Methods and results Twenty-one ARVC probands who fulfilled the international Task Force diagnostic criteria underwent right ventricular endomyocardial biopsy and screening of desmosome (D) protein encoding genes. Myocyte intercalated discs were analysed by transmission electron microscope and the data were compared with those of 10 controls and 10 patients with idiopathic dilated cardiomyopathy.

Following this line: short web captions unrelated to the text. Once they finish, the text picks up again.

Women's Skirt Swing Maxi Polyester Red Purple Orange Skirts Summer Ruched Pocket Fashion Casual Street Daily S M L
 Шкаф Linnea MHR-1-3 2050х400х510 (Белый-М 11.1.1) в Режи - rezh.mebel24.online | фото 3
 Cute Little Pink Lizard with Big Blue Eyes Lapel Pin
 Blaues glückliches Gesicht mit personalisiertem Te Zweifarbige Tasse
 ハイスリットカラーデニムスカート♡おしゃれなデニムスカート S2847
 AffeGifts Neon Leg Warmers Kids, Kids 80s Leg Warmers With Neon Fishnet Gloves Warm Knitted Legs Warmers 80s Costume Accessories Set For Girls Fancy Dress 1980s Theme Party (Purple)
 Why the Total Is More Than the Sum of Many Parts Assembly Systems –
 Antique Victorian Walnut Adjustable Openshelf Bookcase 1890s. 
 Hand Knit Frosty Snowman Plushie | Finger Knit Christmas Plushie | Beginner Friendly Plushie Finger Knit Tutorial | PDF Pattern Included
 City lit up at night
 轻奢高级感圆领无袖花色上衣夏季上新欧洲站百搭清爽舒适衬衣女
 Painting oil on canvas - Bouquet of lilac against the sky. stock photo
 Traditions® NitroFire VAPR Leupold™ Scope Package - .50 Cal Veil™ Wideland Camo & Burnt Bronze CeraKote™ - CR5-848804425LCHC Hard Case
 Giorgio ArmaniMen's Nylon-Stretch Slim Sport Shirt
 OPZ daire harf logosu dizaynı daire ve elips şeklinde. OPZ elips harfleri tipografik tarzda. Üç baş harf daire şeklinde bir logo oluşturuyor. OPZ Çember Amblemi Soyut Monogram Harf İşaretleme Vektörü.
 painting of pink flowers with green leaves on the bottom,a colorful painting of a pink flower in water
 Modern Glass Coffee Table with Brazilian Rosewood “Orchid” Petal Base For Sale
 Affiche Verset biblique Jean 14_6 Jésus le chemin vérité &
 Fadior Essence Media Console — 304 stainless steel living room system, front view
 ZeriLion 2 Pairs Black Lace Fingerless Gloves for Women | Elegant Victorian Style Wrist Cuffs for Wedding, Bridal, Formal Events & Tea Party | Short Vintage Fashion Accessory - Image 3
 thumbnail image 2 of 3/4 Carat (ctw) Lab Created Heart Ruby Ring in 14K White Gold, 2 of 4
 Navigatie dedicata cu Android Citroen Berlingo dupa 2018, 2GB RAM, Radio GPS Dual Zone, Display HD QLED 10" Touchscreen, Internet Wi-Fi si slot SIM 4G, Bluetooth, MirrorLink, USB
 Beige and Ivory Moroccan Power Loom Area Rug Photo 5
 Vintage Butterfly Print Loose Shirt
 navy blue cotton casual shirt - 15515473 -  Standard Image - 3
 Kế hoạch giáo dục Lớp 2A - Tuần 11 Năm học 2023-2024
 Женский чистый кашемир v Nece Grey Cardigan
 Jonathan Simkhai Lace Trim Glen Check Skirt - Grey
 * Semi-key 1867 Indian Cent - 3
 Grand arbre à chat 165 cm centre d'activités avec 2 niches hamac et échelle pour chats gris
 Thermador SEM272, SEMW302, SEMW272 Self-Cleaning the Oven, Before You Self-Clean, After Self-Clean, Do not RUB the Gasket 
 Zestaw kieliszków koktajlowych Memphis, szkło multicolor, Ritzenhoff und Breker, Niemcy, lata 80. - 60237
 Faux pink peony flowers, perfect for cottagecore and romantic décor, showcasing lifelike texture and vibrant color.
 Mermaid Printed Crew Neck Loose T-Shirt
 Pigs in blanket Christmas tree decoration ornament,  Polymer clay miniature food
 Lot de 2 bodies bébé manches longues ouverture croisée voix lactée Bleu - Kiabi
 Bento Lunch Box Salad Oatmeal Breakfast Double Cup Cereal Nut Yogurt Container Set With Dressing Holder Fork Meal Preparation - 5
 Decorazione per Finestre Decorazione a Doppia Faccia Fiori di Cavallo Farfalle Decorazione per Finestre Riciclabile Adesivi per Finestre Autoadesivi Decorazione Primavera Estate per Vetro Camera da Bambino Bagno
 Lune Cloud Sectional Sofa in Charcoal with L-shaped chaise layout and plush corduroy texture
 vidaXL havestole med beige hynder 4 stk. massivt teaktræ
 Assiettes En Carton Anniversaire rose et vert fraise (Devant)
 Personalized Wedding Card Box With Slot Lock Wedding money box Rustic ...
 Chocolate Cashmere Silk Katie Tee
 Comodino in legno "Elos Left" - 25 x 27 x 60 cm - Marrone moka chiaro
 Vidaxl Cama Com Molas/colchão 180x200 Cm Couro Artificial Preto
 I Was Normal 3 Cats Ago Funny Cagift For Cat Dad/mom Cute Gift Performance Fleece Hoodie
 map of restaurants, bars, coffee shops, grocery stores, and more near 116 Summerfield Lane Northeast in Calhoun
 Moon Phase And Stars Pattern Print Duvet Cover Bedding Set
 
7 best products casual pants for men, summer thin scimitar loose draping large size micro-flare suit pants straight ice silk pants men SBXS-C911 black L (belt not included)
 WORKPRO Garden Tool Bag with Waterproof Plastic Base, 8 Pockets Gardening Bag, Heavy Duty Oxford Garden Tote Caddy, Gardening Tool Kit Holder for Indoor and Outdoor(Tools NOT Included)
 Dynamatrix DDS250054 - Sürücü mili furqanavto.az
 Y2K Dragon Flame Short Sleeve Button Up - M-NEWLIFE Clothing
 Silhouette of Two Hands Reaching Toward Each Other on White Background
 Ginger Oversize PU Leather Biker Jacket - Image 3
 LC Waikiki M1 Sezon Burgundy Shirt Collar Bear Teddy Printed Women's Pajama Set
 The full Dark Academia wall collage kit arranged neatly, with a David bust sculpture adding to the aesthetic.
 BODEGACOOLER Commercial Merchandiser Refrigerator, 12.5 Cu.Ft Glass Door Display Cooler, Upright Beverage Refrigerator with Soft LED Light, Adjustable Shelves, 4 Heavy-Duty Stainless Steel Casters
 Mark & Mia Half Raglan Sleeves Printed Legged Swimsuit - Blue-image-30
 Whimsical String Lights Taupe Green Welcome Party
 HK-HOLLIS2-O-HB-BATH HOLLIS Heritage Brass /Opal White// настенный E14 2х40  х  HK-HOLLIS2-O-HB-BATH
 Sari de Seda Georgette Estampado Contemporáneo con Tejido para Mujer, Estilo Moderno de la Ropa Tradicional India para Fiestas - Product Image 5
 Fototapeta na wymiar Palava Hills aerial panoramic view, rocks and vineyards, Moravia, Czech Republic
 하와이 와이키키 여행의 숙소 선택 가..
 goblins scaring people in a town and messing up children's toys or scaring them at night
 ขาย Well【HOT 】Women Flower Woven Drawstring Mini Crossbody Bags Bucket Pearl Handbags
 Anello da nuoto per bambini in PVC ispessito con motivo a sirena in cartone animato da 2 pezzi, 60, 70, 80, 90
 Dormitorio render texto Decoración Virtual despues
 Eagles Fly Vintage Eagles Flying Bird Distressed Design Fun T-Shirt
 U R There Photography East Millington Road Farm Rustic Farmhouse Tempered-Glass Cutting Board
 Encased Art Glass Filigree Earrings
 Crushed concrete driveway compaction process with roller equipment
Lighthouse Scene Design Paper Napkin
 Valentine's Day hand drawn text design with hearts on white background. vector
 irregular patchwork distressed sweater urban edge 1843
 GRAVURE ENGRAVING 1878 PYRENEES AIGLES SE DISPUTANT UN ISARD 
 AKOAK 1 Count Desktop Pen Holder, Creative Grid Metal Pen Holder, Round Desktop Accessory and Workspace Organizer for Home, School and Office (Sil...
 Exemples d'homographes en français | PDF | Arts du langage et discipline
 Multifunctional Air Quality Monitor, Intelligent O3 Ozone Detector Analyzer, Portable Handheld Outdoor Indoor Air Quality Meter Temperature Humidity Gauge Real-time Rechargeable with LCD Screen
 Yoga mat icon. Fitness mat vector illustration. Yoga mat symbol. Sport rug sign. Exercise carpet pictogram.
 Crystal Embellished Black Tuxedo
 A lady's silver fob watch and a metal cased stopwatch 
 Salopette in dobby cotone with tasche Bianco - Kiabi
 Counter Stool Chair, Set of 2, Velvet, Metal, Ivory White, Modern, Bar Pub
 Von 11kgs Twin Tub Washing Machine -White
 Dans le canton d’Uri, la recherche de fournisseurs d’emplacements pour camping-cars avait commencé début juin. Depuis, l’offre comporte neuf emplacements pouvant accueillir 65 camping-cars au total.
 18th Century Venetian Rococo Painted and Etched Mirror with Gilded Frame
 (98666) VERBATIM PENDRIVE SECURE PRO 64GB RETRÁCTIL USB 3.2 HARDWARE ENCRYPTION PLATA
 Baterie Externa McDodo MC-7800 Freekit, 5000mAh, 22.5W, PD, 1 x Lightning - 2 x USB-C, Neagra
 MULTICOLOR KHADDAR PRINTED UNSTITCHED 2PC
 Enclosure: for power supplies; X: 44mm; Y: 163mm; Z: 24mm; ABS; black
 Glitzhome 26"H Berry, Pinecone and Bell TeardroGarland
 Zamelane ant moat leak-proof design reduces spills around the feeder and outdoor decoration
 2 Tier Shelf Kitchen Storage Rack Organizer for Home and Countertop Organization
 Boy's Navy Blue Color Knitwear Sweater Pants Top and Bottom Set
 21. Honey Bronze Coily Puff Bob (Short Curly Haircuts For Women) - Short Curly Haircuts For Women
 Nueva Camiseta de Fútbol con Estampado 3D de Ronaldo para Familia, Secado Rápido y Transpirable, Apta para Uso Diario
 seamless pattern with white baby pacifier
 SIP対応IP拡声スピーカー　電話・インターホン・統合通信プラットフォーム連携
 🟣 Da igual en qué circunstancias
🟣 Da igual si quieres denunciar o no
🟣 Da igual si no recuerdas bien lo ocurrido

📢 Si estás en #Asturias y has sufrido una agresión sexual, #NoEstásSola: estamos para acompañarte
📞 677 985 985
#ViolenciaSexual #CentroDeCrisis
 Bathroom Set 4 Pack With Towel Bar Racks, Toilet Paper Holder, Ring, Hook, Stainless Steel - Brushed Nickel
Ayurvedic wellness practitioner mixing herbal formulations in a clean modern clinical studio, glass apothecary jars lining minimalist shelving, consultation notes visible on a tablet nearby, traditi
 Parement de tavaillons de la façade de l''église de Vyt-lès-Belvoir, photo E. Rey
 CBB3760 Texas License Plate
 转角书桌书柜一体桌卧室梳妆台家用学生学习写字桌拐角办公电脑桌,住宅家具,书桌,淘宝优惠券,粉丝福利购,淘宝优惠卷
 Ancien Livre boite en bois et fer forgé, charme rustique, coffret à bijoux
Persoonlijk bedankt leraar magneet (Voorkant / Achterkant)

Extensive fibro-fatty replacement with a residual myocardium of 59±23% was found in ARVC biopsy samples. Pathogenic D gene mutations were identified in 10 (48%): desmoglein-2 in four, desmoplakin in three and plakophilin-2 in three. Mean D length and D percent length of intercalated disc were significantly higher, D number was significantly lower and D gap was widened in ARVC. Moreover, abnormally located D in 75%, abnormal small junctions in 52%, and pale internal plaques in 32% of ARVC patients were found in the presence of a normal intercalated disc convolution index.
Conclusion The ultrastructural evidence of intercalated discs remodelling in ARVC, together with the positive screening of D protein encoding genes in half of probands, are in keeping with an intercellular junction cardiomyopathy.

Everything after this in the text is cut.